The first quadrant is “Urgent and Important.” Ressler explained these are critical tasks that require immediate attention, including impending deadlines and resolving urgent matters. The second quadrant is “Not Urgent, Yet Important” and Ressler said these tasks should be priorities and where practitioners spend the bulk of their time. Tasks under this quadrant might include goal planning, relationship building, and self-care. Since none of these activities have a deadline, Ressler said we tend to put them off, even though they’re critical to both professional and personal success.
In the third quadrant, Ressler explained are the “Urgent and Not Important” tasks that may be important to others, but not our own priorities. These can include e-mails, interruptions, and unnecessary meetings. The fourth quadrant focuses on personal social media use, busy work and time wasters.
Ressler said the goal of the four quadrants framework is to focus on the important things in our lives, not the urgent demands that take up so much of our time and cause stress. While it’s impossible to ignore the deadlines and emergencies in quadrant one, Ressler said it is possible to be proactive and spend more time on planning and prevention (quadrant two), to reduce the number of crises and emergencies you experience. Ressler noted that spending too much time in quadrant one reduces productivity and leads to burnout,
Ressler is also a proponent of scheduling time for self-care, and incorporating short bursts of personal time, which can be as simple as five or 10-minute increments throughout the day. Consistency matters more than the length of time, she said.

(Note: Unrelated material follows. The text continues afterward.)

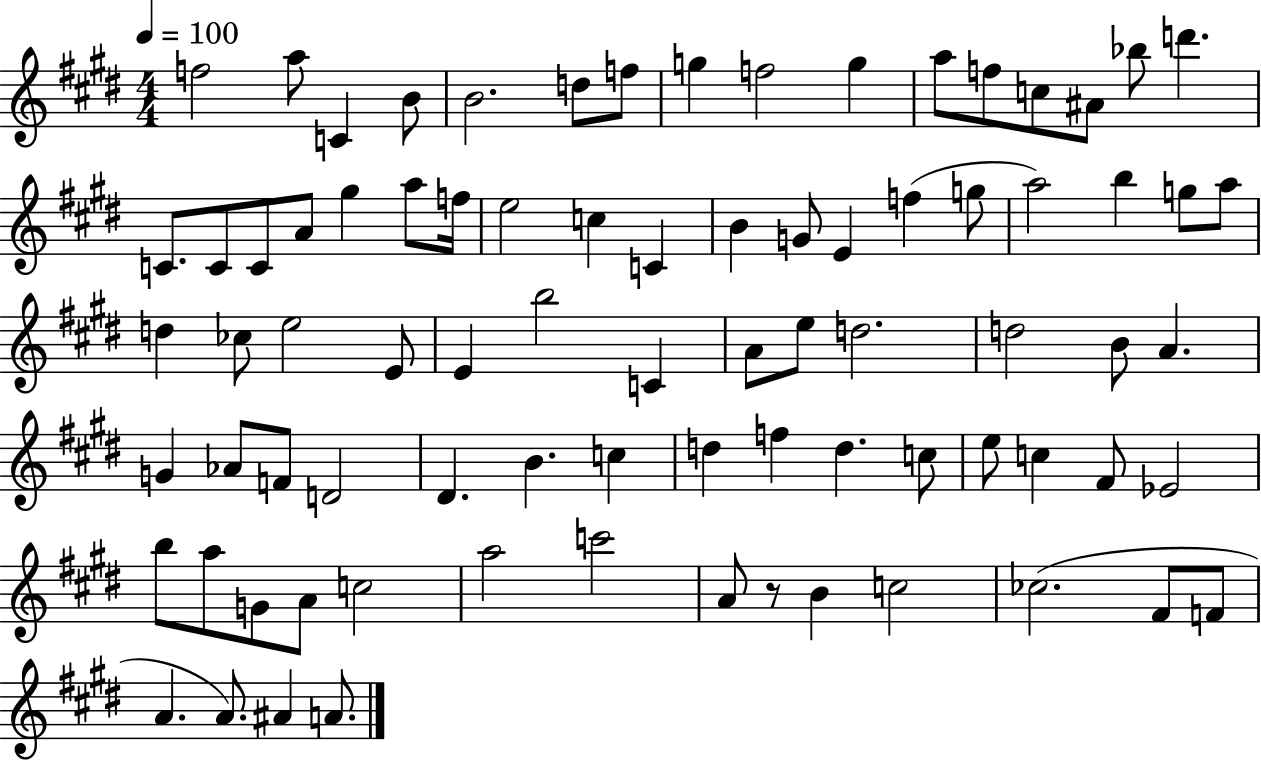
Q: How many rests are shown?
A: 1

“It’s important to step away from “doing” and make time for “being”,” she said. “You wouldn’t cancel an appointment with another healthcare provider, so don’t cancel appointments with yourself.”
Lynn Lyons, LICSW, a Concord, New Hampshire-based psychotherapist, speaker, and author of the recently published The Anxiety Audit, said self-care is also learning to say no to what you don’t have the time, capacity, or desire to do. She encourages practitioners to take time to respond to requests or invitations, and ask, “when it comes time to do what I said yes to, will I be as interested in doing it then?” Saying no allows the practitioner time to prioritize themselves.
This act of setting healthy boundaries can also be viewed as a component of self-care, and could help prevent burnout, Lyons said.
“Healthy boundaries don’t mean being rigid,” Lyons said. “It means being somewhere between a brick wall and a sliding glass door. You can be flexible when setting boundaries based on the who, what, and when.”
Lyons said practitioners must remember they are responsible for setting boundaries between themselves and their patients and colleagues.
She explained that when practitioners respond to e-mails at 10 p.m., they’re letting others know they don’t have boundaries between their work and personal life. She recommended waiting until the next day to answer any non-urgent texts and e-mails.
Lyons urges practitioners to unplug from technology during their time off to promote better health and self-care. A recent study published in Dialogues in Clinical Neuroscience found frequent technology use was associated with impaired emotional and social intelligence, social isolation, and disrupted sleep.
Lyons is also a proponent of differentiating between self-care and self-medication.
“It can be easy to say, “I’ve had a hard day and I’m going to treat myself by staying up late to binge watch television or having half of this delicious cake,” Lyons said. “When you’re practicing self-care, you rarely if ever feel regret or shame afterward. Self-medication, however, does lead to regret. True self-care doesn’t have negative consequences for you or those you care about, but self-medication often does, it can feel like a reward.”
As an example, Lyons explained how going for a brisk walk, or taking a break midday to practice meditation, serves to nurture us rather than fill us with regret.
“We tend to promote a lot of behaviors as self-care that really aren’t, rather than endorsing activities that allow us to feel good about ourselves in the long run,” she said. “You never hear someone say, “I regret going on a walk today.”